Tuesday, 3 April 2012
Money is actually a debt instrument. So grows the gap between the haves and have-nots.
When it come to personal-finance success, responsibility for how we earn, spend, save and invest is obviously essential. However, financial objectives can easily elude us if we lack the whole story about money.
Central banks worldwide (Federal Reserve for the U.S.) issue currency at the precise moment it is borrowed via an automated procedure called fractional-reserve banking. Therefore, money is actually a debt instrument (Federal Reserve Note). This private profit, interest-delivering system was designed centuries ago.
Over time debt grows per compounding interest and purchasing power diminishes with increased cost of living.
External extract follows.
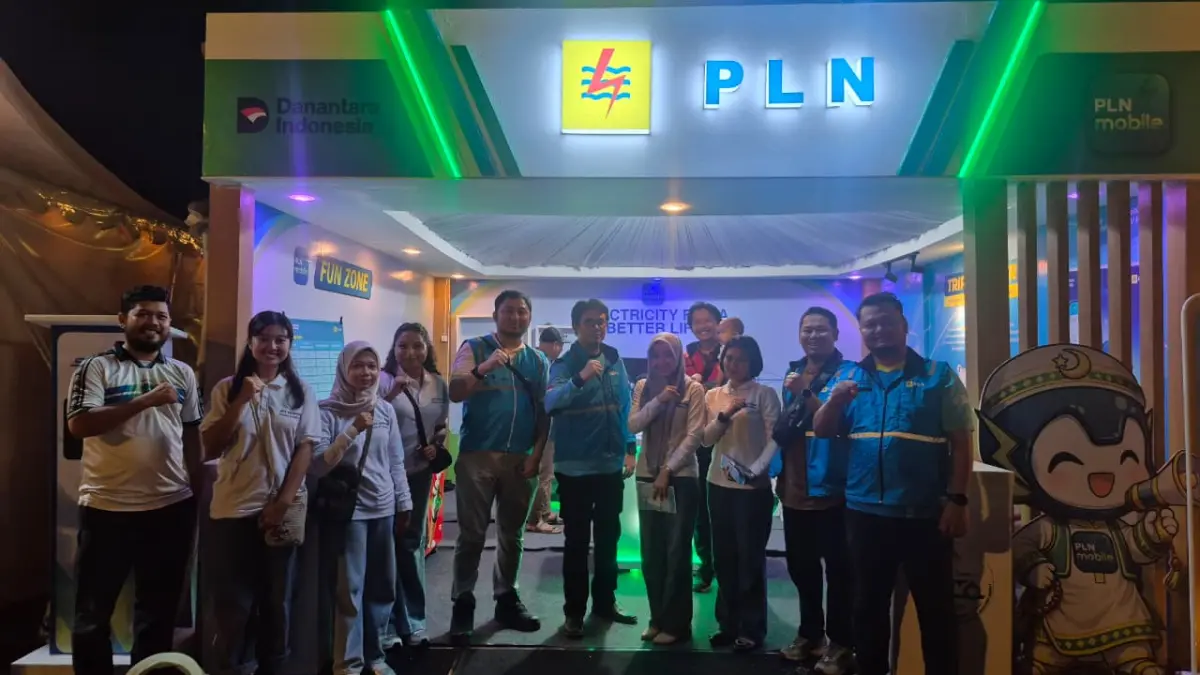 Foto bersama petugas PLN di Booth Pelayanan PLN yang hadir di kawasan Pantai Pulau Datok, Sukadana, Kabupaten Kayong Utara, pada penyelenggaraan MTQ XXXIV Tingkat Provinsi Kalimantan Barat.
The cost of living rises as businesses add their interest cost from bank loans to the cost of the goods and services we purchase.
And so grows the gap between the haves and have-nots.
That brings me to the pivotal issue of how much purchasing power $1.00 has in the marketplace today. One dollar is only worth 4.5 cents and an online inflation calculator proves my point. An item purchased for $1.00 in 1913 (when the Federal Reserve System was created) would cost $22.10 in 2010; a 2000% increase in inflation!
Without a working knowledge of money as debt, even the most sincere efforts may falter as a rising cost of living erodes hard-won forward movement. When following conventional financial wisdom, the solution to keeping up and making ends meet could well end up, once again, as participation in the vicious cycle of credit and debt. Who benefits?